The year was 1996 and Lees brought a horse called Potential Star to the Queen Elizabeth II Cup for his father, Max, an outstanding handler who trained the greatest two-year-old Australia has seen in the past 50 years, Luskin Star.
And on the plane with Lees was Chris Waller, now a record-assaulting juggernaut in Australian racing, but then working for New Zealand trainer Paddy Busuttin, who sent Sam McGuire for the same race.
Potential Star was eighth, Sam McGuire one place better, but as he showed off the faded image of himself and Waller yesterday at trackwork, Lees laughed at the different experience that was travelling horses internationally back then.
"This time it was pretty comfortable coming up, for me and the horse, nothing like in those days," he recalled.
"That's us in Hong Kong. We flew up on a cargo plane and Chris and I and the two horses were up the back and the rest of the plane was filled up with bananas and oranges and all kinds of fruit and vegetables.
"There were no movies or cocktails. It couldn't have been more different. But it was a great experience. I was a young bloke first time away and we did our work, of course, but it was a lot of fun - nothing for publication I'm afraid, but we had a great time."
At the end of 1998, Lees was back with another horse for his father, Corporate James, who finished ninth to Japan's Midnight Bet in the Hong Kong Cup when it was still 1,800 metres and the trainer of Lucia Valentina in this year's Longines Hong Kong Cup says the international events at Sha Tin were a big deal, but nothing like they are now.
"Realistically, the races didn't have the same hype. They weren't up to the grade they are now, so I'm under no illusions about what we're facing," said Lees, who took out his own licence in 2003 when his father died suddenly after a heart attack.

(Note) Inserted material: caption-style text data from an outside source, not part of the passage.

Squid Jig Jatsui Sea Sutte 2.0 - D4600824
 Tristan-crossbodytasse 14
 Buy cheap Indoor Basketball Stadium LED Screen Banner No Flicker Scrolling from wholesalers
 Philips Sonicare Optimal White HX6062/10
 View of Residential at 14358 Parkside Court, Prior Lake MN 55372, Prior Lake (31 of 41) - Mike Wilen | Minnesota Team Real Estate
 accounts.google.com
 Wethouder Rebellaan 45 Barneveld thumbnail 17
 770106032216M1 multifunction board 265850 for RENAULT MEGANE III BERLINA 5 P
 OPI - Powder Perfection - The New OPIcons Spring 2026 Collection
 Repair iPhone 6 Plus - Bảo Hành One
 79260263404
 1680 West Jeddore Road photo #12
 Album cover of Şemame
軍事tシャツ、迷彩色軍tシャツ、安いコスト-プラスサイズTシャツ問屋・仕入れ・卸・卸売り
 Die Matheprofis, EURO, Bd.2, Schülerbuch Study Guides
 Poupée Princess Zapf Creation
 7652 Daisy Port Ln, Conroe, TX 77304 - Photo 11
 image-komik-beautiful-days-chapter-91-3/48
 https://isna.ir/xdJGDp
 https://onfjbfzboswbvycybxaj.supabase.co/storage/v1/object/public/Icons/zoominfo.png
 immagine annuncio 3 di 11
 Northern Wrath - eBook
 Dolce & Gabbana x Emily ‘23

He has made his way into the upper echelons of trainers in Australia and is now, like Waller with Vase runner Preferment, making his first trip overseas as a trainer in his own right.
"I think there are a few positive things for her. She's going to appreciate having the five weeks between runs, she is at her pet distance and the likelihood of a good tempo gives her a chance to run into the money.
"Any rain around would be a help, but I hear the track drains pretty well, so that might be too much to hope for."
Lees said Lucia Valentina's form at the 2,000m distance was what kept his eye on the possibility of a Hong Kong Cup tilt if she was in the right form, with six starts at the trip for three wins - two Group Ones and her last-start Group Two victory at Flemington - and champion jockey Damien Oliver sticks with her from that win.
"When she found some form at the end of the Melbourne carnival, that convinced me she was worthy of a trip," he said.
"She has travelled great, I can't fault her. Any weight she lost on the flight she put back on in a couple of days, which is a great sign, and she's a seasoned traveller anyway.
"A flight here is probably less time travelling than she spends in a road trip to Melbourne from my place at Newcastle.
"All the signs are good, it's such a strong race that you can't be confident, but it's an honour to be here at all," he said.